(Crawled caption data)
◆ ◆ ◆ ◆ ◆ ◆ ◆

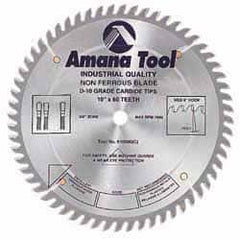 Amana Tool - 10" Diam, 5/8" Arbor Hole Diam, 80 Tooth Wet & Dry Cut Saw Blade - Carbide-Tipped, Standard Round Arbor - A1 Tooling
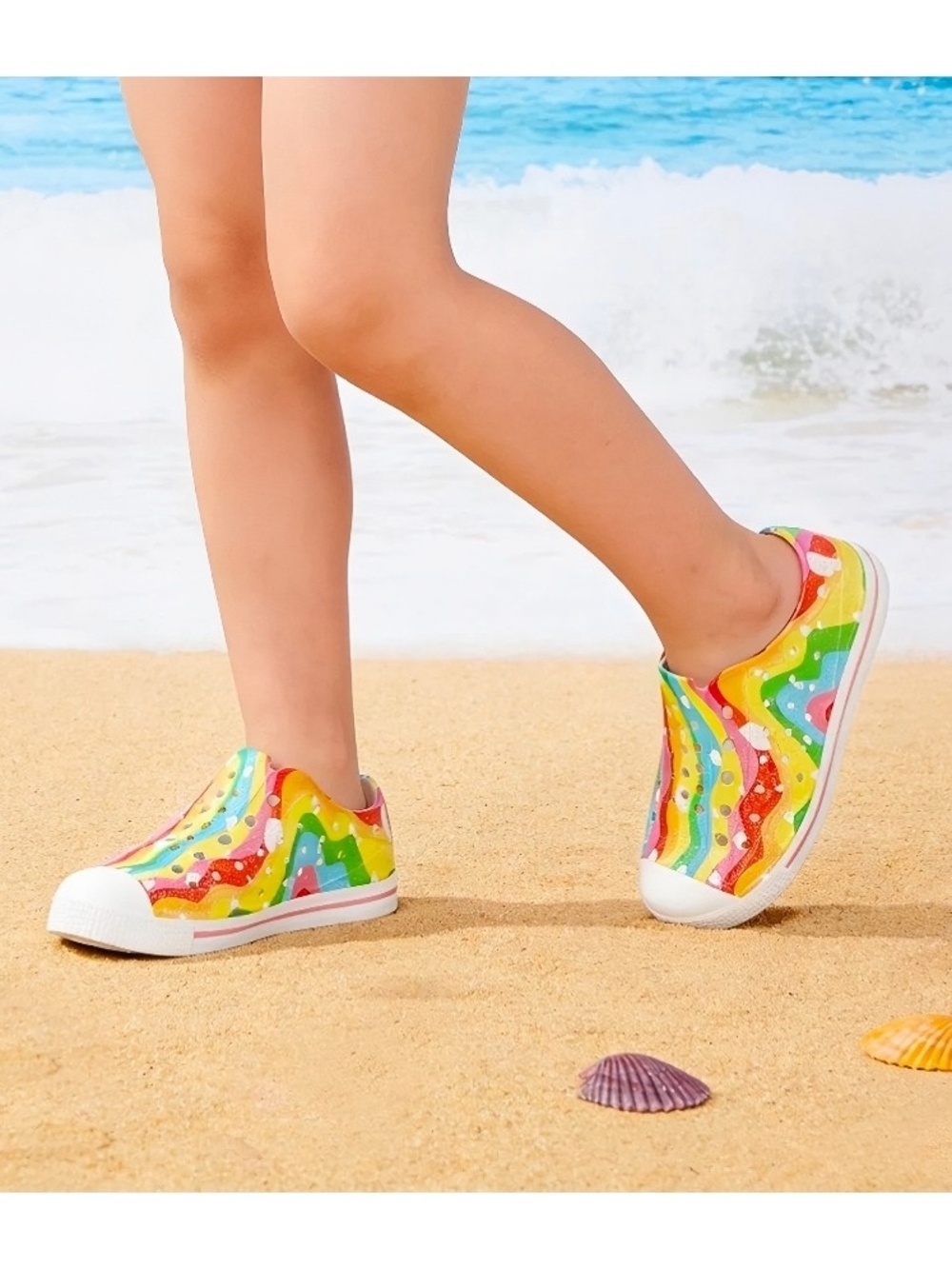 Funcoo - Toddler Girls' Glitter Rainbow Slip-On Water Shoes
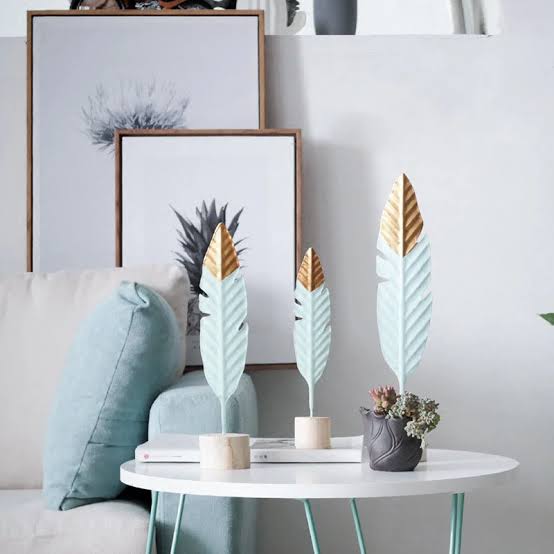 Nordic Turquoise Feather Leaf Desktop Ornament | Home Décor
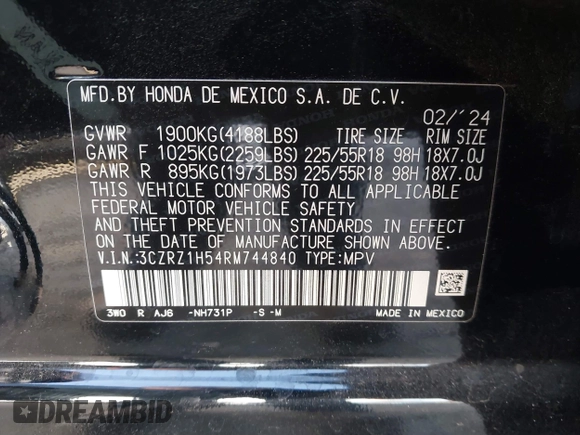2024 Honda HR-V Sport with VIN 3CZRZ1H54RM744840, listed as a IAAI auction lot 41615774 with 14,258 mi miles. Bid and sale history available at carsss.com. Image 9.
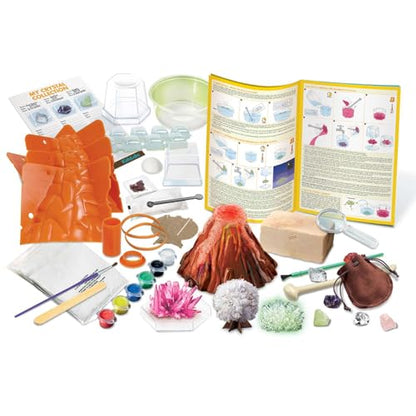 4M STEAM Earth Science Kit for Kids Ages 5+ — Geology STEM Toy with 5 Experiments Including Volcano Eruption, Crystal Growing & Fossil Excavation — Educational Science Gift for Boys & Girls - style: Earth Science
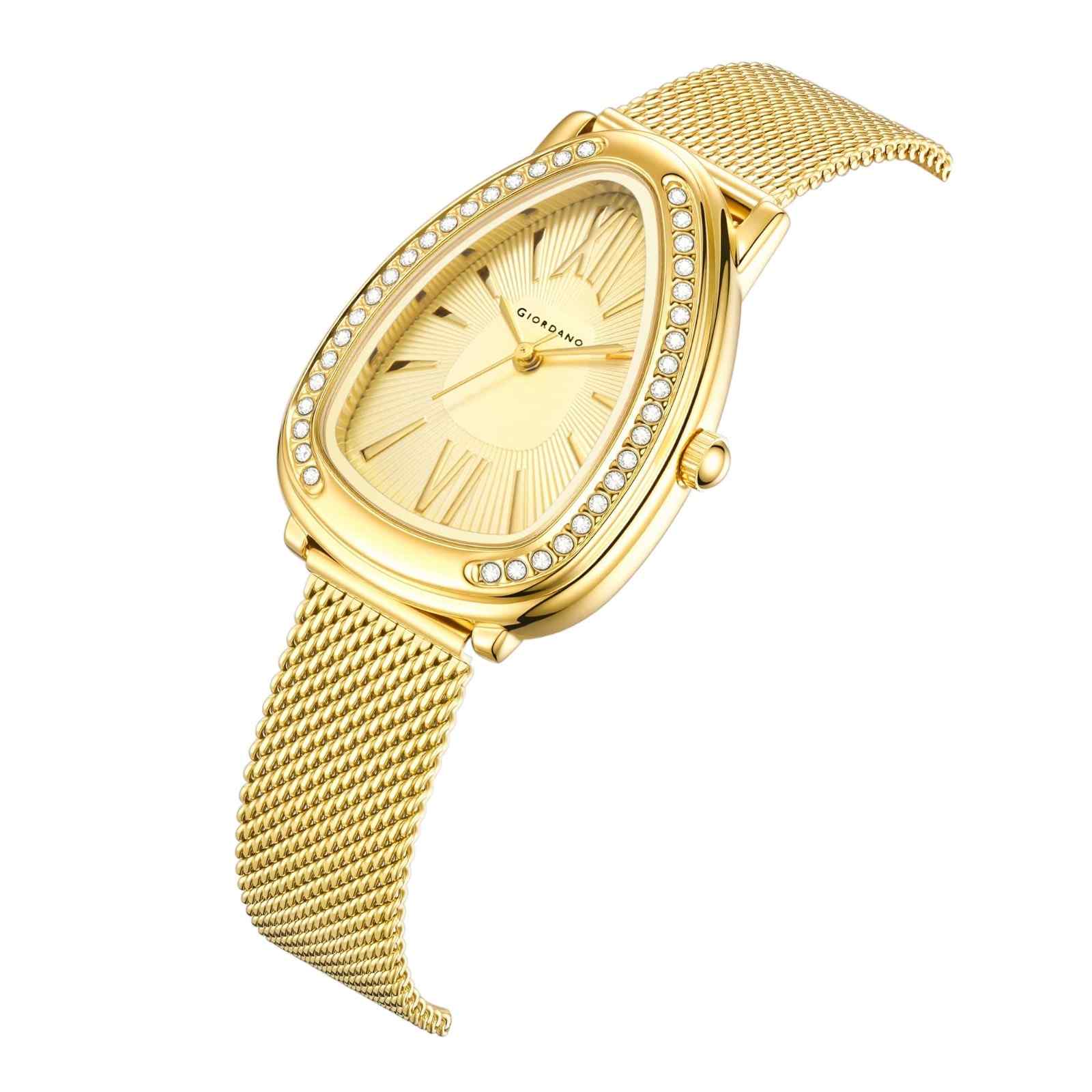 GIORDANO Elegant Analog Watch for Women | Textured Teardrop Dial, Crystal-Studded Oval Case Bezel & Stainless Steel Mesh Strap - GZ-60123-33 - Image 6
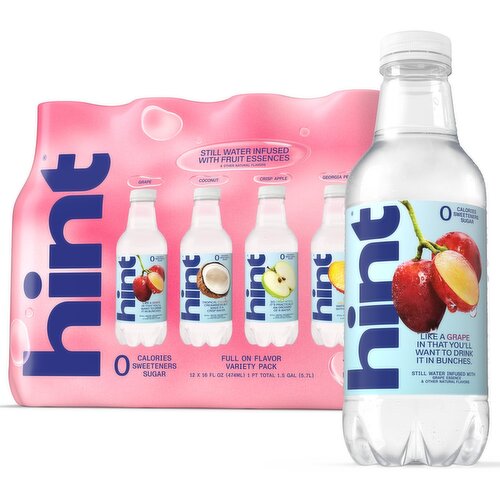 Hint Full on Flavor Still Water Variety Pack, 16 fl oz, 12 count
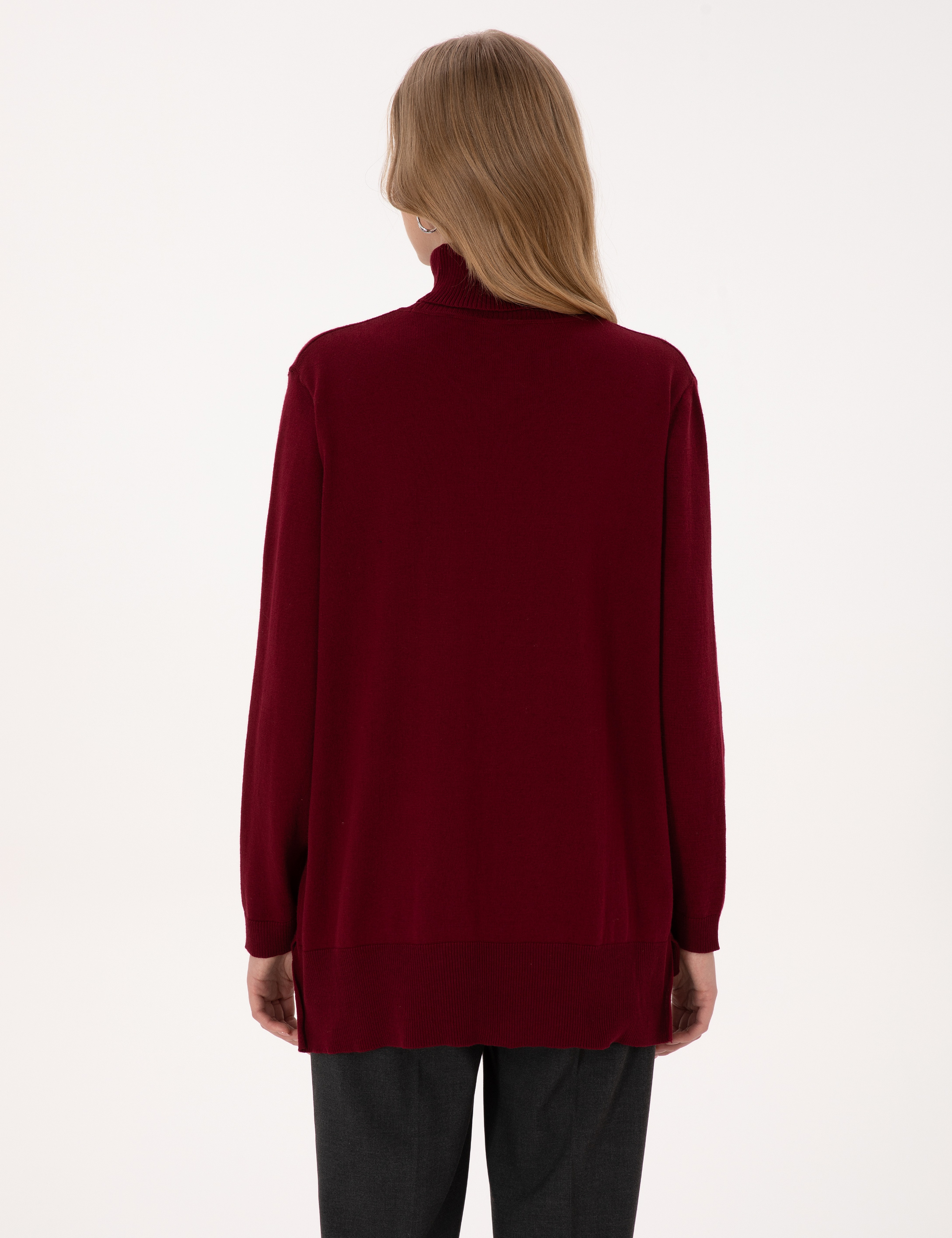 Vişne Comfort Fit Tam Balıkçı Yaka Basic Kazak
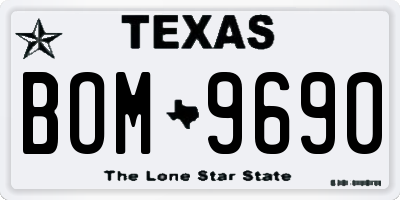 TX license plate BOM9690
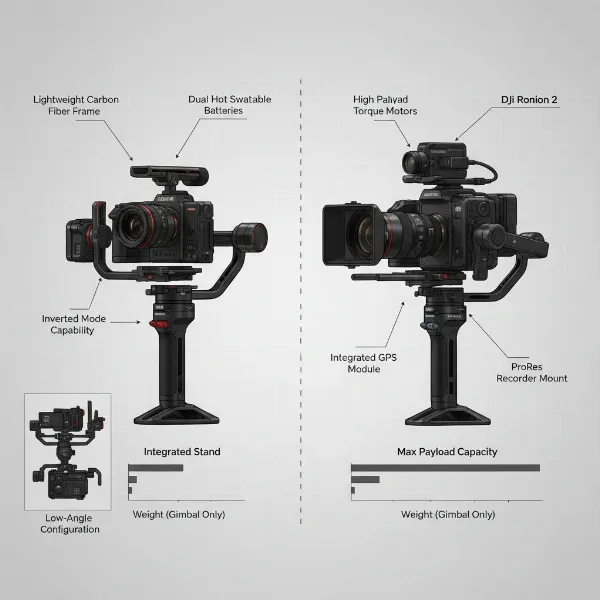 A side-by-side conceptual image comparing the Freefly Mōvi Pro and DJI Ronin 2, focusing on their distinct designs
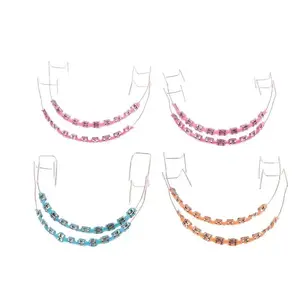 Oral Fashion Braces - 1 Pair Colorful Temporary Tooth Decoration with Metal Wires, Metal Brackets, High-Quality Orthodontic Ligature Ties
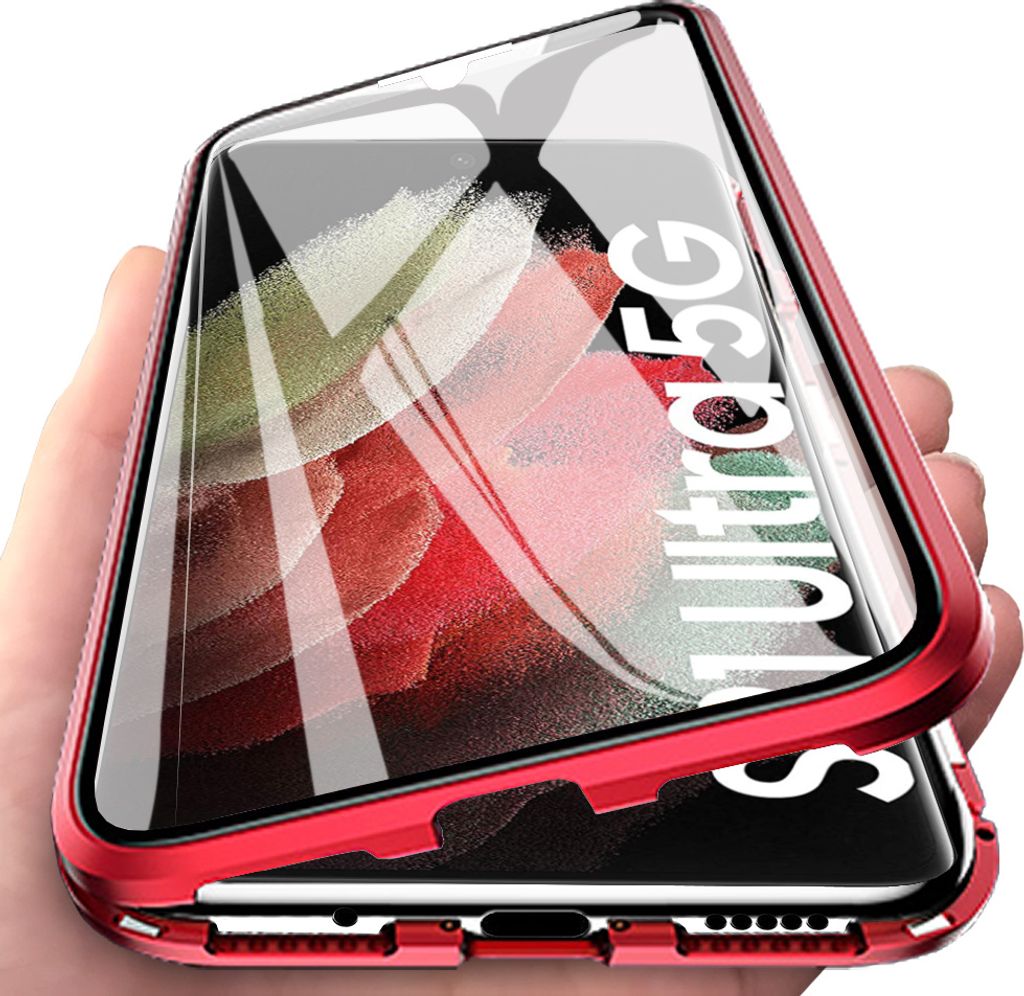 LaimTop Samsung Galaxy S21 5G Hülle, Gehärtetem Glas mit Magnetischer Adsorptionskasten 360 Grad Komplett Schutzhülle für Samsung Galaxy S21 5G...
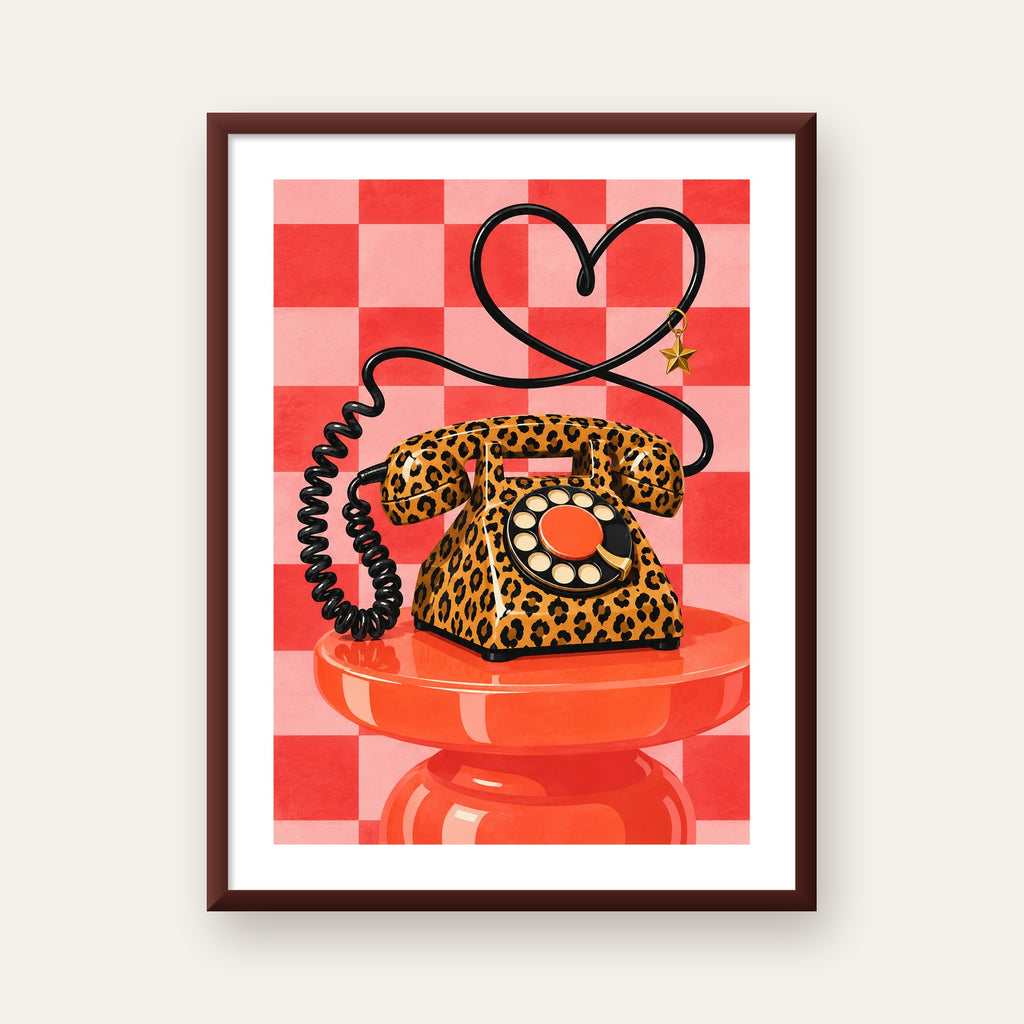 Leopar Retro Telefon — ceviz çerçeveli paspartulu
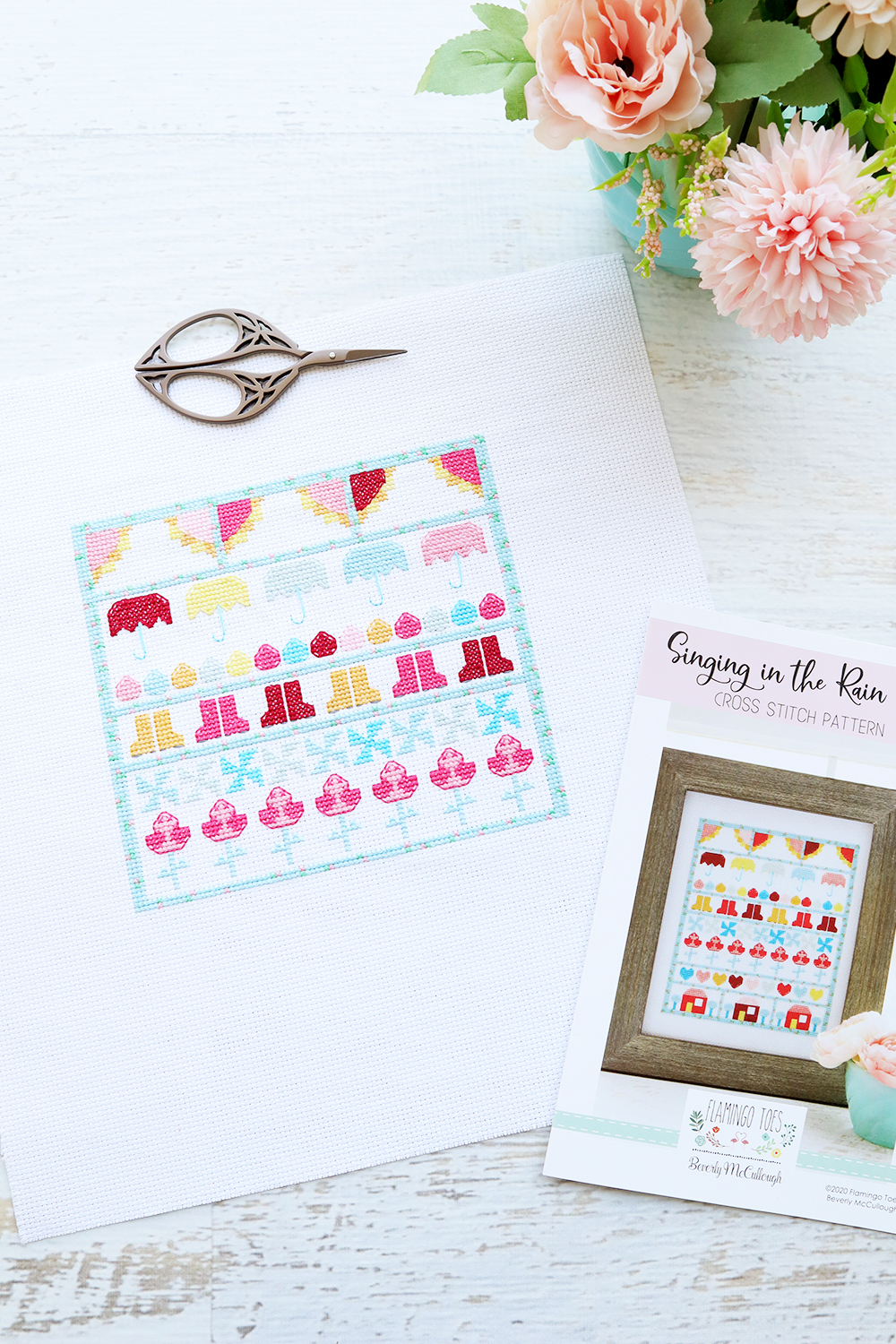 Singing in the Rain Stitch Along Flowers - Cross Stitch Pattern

◆ ◆ ◆ ◆ ◆ ◆ ◆

TASK BRIEF: From the line containing "LaimTop Samsung Galaxy" down to the last line of the entries above, retype each line exactly as it stands, but skip the pictures.

ANSWER TO THIS EXERCISE:
 LaimTop Samsung Galaxy S21 5G Hülle, Gehärtetem Glas mit Magnetischer Adsorptionskasten 360 Grad Komplett Schutzhülle für Samsung Galaxy S21 5G...
 Leopar Retro Telefon — ceviz çerçeveli paspartulu
 Singing in the Rain Stitch Along Flowers - Cross Stitch Pattern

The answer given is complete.